Le « bloc-notes européen » d’Albrecht Sonntag, professeur à l’ESSCA Ecole de Management, à Angers, tous les vendredis sur les ondes d'euradio.
En France, on s’approche de la fin d’un long tunnel électoral, l’occasion d’observer sur la durée les hommes et les femmes politiques dans la lutte pour le pouvoir.
Entre les primaires de l’automne 2021 et l’entre-deux-tours des législatives, il est vrai que nos écrans et nos lectures ont été saturés par un grand nombre d’acteurs politiques en campagne.
Quel spectacle !
Ne vous êtes-vous jamais demandé, durant votre carrière journalistique, devant vos interlocuteurs – et de plus en plus d’interlocutrices – politiques, pourquoi ils s’imposent tout cela, cet investissement de tout instant qui absorbe leurs vies, les combats rhétoriques souvent blessants, les réunions interminables, les petites intrigues au sein de leur propre mouvement, le risque sur le plan budgétaire, les pièges tendus par certains médias, les couleuvres à avaler, la méfiance grandissante du public à leur égard, l’éternelle accusation d’être « déconnectés », sans oublier la pression de concilier tout cela avec une vie familiale ?
Ah, si, c’est forcément une question qui se pose de manière récurrente.
Et la réponse est, comme beaucoup de facettes de notre vie démocratique, assez ambivalente.
D’abord, et au risque de paraître naïf aux oreilles de certains auditeurs, j’ai toujours tendance appliquer à nos élus la présomption de l’idéalisme. J’ai toujours trouvé, que ce soit dans mes rencontres avec des acteurs politiques à Bruxelles ou, plus récemment, dans une petite série d’entretiens approfondis avec des députés de la majorité actuelle en France, qu’il y a dans leur motivation une dose d’idéalisme autrement plus importante que la rengaine ô combien facile du « tous pourri » ne pourrait admettre. S’engager en politique pour être au service de la société, cela n’a rien de ringard, ni même de rare. Bien au contraire.

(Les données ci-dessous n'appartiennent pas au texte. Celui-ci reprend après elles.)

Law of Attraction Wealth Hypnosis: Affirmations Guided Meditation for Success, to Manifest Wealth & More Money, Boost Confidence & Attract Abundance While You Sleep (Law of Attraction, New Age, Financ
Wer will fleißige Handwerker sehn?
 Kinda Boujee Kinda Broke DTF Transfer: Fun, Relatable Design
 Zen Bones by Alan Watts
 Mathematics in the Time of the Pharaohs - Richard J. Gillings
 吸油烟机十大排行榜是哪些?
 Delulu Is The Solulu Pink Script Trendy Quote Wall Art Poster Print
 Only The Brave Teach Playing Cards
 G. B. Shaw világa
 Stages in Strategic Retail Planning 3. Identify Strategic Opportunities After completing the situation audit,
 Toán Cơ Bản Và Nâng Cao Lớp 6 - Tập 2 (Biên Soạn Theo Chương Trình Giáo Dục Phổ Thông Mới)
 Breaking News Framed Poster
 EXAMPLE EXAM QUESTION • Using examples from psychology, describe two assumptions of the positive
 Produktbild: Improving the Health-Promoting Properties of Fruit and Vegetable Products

Mais il y a aussi, bien sûr, l’égo. C’est grisant d’être quelqu’un d’« important ». C’est euphorisant de gagner une élection, d’être le meilleur dans une compétition. Et c’est gratifiant d’être sollicité pour résoudre des problèmes, représenter un collectif, ou représenter des revendications. L’attitude des autres change à l’égard de leur élu, et quel que soit le niveau de son exercice, il ou elle a tendance à se sentir, assez sincèrement, indispensable. Pour beaucoup, il est difficile de raccrocher. Même pour ceux qui sont loin d’être des « politiques professionnels ».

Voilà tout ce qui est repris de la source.